Load the word dict from the pretrained model path. Define the `unk_id` to be the word id for empty token *\"\"*. Other possible choices include *\<unk\>* token and *\<pad\>* token.

In [2]:
def load_vocab(file_path):
    """
    load the given vocabulary
    """
    vocab = {}
    with io.open(file_path, 'r', encoding='utf8') as f:
        wid = 0
        for line in f:
            if line.strip() not in vocab:
                vocab[line.strip()] = wid
                wid += 1
    vocab["<unk>"] = len(vocab)
    return vocab

MODEL_PATH = "../../senta_model/bilstm_model"
VOCAB_PATH = os.path.join(MODEL_PATH, "word_dict.txt")
PARAMS_PATH = os.path.join(MODEL_PATH, "params")

word_dict = load_vocab(VOCAB_PATH)
unk_id = word_dict[""]  #word_dict["<unk>"]

Define the paddle model that takes in arbitray number of inputs, in this case word_ids and seq_lens, and outputs prediction probabilities.

In [3]:
DICT_DIM = 1256606
MAX_SEQ_LEN = 256
def paddle_model(word_ids, seq_len):
    probs = bilstm(word_ids, seq_len, None, DICT_DIM, is_prediction=True)
    return probs

Define a preprocessing function that takes in **a raw string** and outputs the model inputs that can be fed into paddle_model.

In this case, the raw string is first splitted and mapped to word ids, then padded to length of MAX_SEQ_LEN. *word_ids* is a list of lists, where each list contains a sequence of padded word ids. *seq_lens* is a list that contains the sequence length of each unpadded word ids in *word_ids*. 

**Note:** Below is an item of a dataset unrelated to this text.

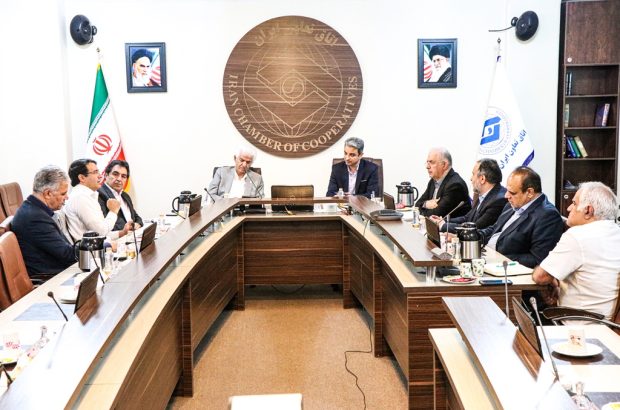 تشکیل کمیسیون‌های تخصصی دبیرخانه هماهنگی تشکل‌های کارفرمایی کشور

Since the input data is a single raw string. Both *word_ids* and *seq_lens* has length 1.

In [4]:
def preprocess_fn(data):
    word_ids = []
    sub_word_ids = [word_dict.get(d, unk_id) for d in data.split()]
    seq_lens = [len(sub_word_ids)]
    if len(sub_word_ids) < MAX_SEQ_LEN:
        sub_word_ids += [0] * (MAX_SEQ_LEN - len(sub_word_ids))
    word_ids.append(sub_word_ids[:MAX_SEQ_LEN])
    return word_ids, seq_lens

Read the sentiment test dataset into a list. There are 1200 sentences in the dataset.

In [5]:
DATA_PATH = "../../senta_data/test.tsv"

data = []
with io.open(DATA_PATH, "r", encoding='utf8') as fin:
    for line in fin:
        if line.startswith('text_a'):
            continue
        cols = line.strip().split("\t")
        if len(cols) != 2:
            sys.stderr.write("[NOTICE] Error Format Line!")
            continue
        data.append(cols[0])
print('total of %d sentences' % len(data))

total of 1200 sentences


Initialize the `NormLIMENLPInterpreter`. We save the temporary results into a *.npz* file so that we don't have to run the whole process again if we want to rerun the same dataset.

In [6]:
normlime = it.NormLIMENLPInterpreter(
    paddle_model, PARAMS_PATH, temp_data_file='assets/all_lime_weights_nlp.npz')

Begin `interpret`ing the whole dataset. This may take some time.

In [7]:
normlime_weights = normlime.interpret(
    data,
    preprocess_fn,
    unk_id=unk_id,
    pad_id=0,
    num_samples=500,
    batch_size=50)

  0%|          | 1/1200 [00:03<1:02:21,  3.12s/it]

Load model from ../../senta_model/bilstm_model/params


100%|██████████| 1200/1200 [04:03<00:00,  4.93it/s]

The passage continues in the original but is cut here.